Face au risque d’effondrement économique et au risque de faillite en Europe de l’Est, à la fuite des capitaux, aux tentations protectionnistes, et sur fond de débat sur les risques de division de l’UE entre l’Est et l’Ouest, la question d’un plan de soutien au PECO s’est toutefois imposée comme le thème central lors du Conseil européen extraordinaire convoqué par la présidence tchèque, le 1er mars 2009. Dans le cadre d’un mini sommet qui réunissait neuf pays d’Europe centrale et orientale [2], en amont du Conseil européen, la Hongrie, particulièrement touchés par la crise, proposait quant à elle un plan d’aide de l’UE de 160 à 190 milliards d’euros pour le secteur financier des PECO en difficultés, permettant notamment le rééchelonnement de leur dette. Appuyée par la Pologne, la Hongrie demandait également une adhésion accélérée des pays ayant rejoints l’UE en 2004 à la zone euro (parmi les dix pays, seuls la Slovénie et la Slovaquie y sont entrés). La présidence tchèque et l’ensemble des autres Etats représentés lors de ce sommet appelaient plus généralement à la solidarité européenne et à bannir toute forme de protectionnisme.

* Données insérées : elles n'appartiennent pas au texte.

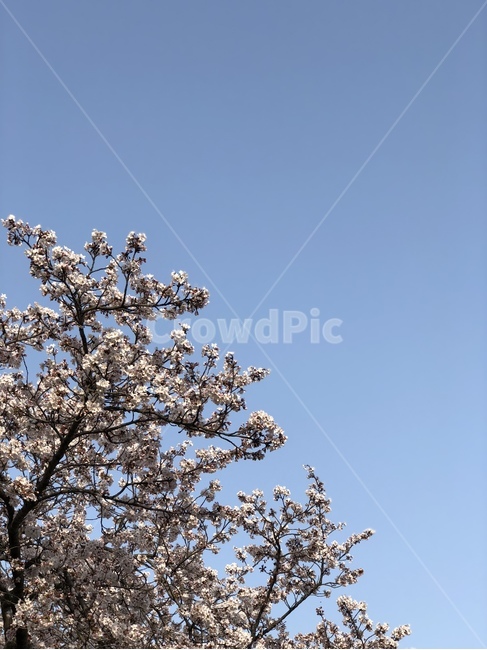 봄,꽃,벚꽃,하늘,자연,풍경,봄,계절,spring,season,식물,자연,plants,nature,나무,trees,wood,plant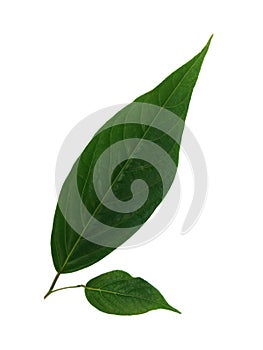 Green leaves of Ylang-Ylang, Cananga odorata leaves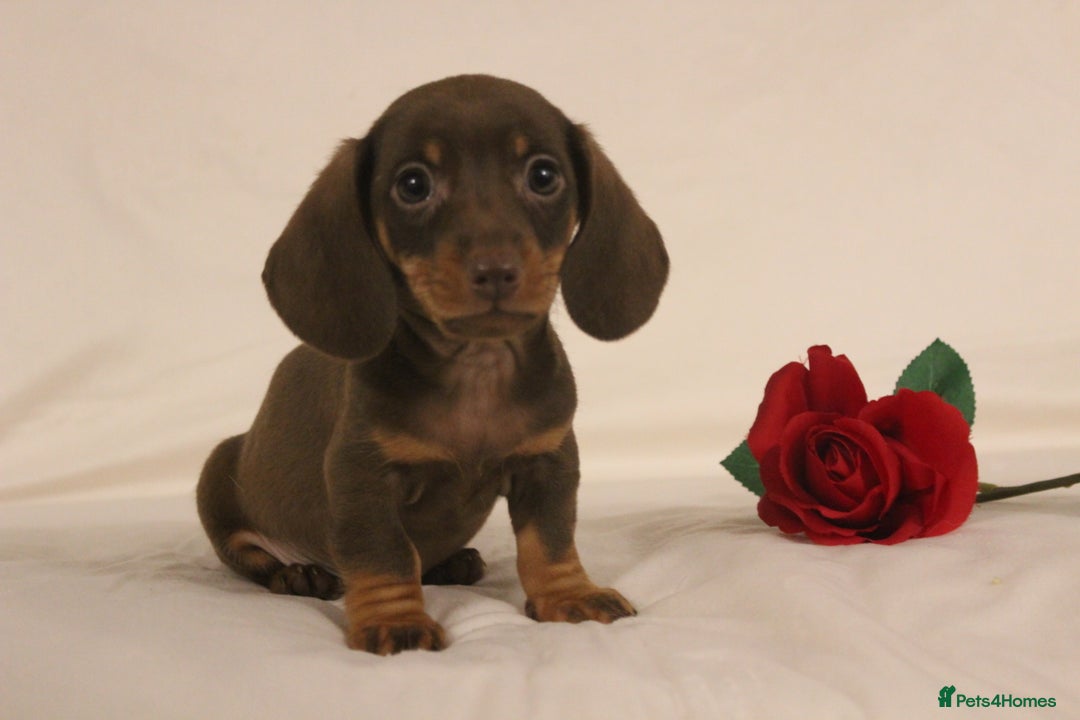 Dachshund dogs for sale: 🌿 Ultimate Miniature Dachshunds 🌿 - Advert 3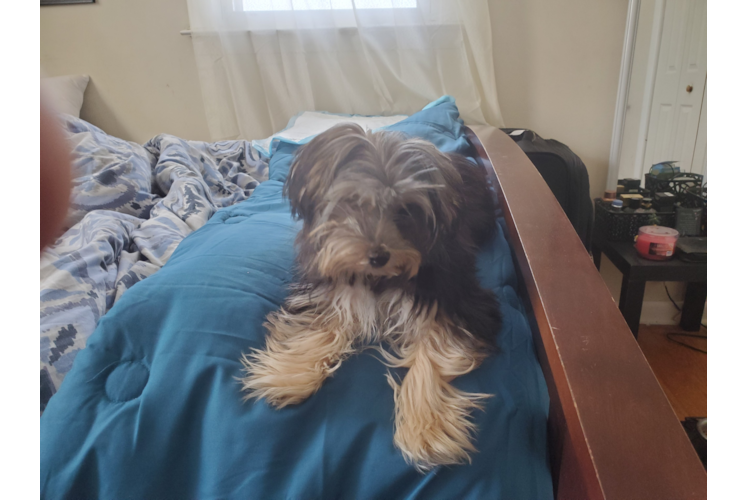 Yorkie Chon Puppy for Adoption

A l’issue du Conseil européen du 1er mars, les Etats membres, rangés derrière l’Allemagne et la présidence tchèque, se sont opposés à un plan spécifique en faveur des PECO, préférant procéder au cas par cas, en fonction de la situation particulière de chaque pays. Le communiqué publié à l’issue du Conseil rappelait "l’importance d’une stabilité macroéconomique dans l’ensemble de l’UE". Tout en insistant sur les "différences manifestes" entre les États membres d’Europe centrale et orientale, les chefs d’Etat et de gouvernement ont indiqué qu’une aide pour chacun des États membres confrontés à des déséquilibres temporaires serait envisagée. Il faut également préciser que quelques jours avant ce Conseil européen, la Banque européenne pour la Reconstruction et le Développement (BERD), la Banque mondiale et la Banque européenne d’investissement (BEI) décidaient de lancer une action commune pour venir en aide aux pays d’Europe centrale et orientale en débloquant 24,5 milliards d’euros sur la période 2009-2010, pour soutenir le système bancaire et l’économie réelle de ces pays.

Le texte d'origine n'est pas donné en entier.